Segment Start: Recorded data

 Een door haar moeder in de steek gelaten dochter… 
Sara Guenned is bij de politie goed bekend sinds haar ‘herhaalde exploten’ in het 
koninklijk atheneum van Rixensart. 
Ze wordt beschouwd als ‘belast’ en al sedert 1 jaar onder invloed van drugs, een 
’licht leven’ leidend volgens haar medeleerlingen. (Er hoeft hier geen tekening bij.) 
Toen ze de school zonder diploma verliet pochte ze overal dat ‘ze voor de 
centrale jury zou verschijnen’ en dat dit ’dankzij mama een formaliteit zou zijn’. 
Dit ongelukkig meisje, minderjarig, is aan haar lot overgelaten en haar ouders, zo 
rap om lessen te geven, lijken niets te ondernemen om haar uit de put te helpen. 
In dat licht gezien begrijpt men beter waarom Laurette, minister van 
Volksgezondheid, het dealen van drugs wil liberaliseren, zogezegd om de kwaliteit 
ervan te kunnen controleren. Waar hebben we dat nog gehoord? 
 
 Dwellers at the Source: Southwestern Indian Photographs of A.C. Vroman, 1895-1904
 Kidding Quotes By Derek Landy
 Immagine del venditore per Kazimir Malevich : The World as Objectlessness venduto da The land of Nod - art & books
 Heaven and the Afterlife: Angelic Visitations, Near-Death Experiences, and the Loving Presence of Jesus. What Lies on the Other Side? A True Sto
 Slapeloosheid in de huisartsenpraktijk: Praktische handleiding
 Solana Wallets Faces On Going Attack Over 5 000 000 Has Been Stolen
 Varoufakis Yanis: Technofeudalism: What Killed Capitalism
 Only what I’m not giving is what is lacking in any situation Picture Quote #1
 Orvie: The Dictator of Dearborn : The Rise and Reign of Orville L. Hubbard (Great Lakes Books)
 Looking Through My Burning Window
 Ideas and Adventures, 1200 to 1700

Segment End: Recorded data
Segment Start: Recorded data

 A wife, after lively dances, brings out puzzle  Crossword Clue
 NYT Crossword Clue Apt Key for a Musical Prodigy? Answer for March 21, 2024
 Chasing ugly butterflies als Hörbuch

Segment End: Recorded data

* Task objective:
Taking the entries above, print exactly the lines starting at the line with "Slapeloosheid in de" and ending at the line with "Ideas and Adventures, 1200 to 1700", both included.

* Written response:
 Slapeloosheid in de huisartsenpraktijk: Praktische handleiding
 Solana Wallets Faces On Going Attack Over 5 000 000 Has Been Stolen
 Varoufakis Yanis: Technofeudalism: What Killed Capitalism
 Only what I’m not giving is what is lacking in any situation Picture Quote #1
 Orvie: The Dictator of Dearborn : The Rise and Reign of Orville L. Hubbard (Great Lakes Books)
 Looking Through My Burning Window
 Ideas and Adventures, 1200 to 1700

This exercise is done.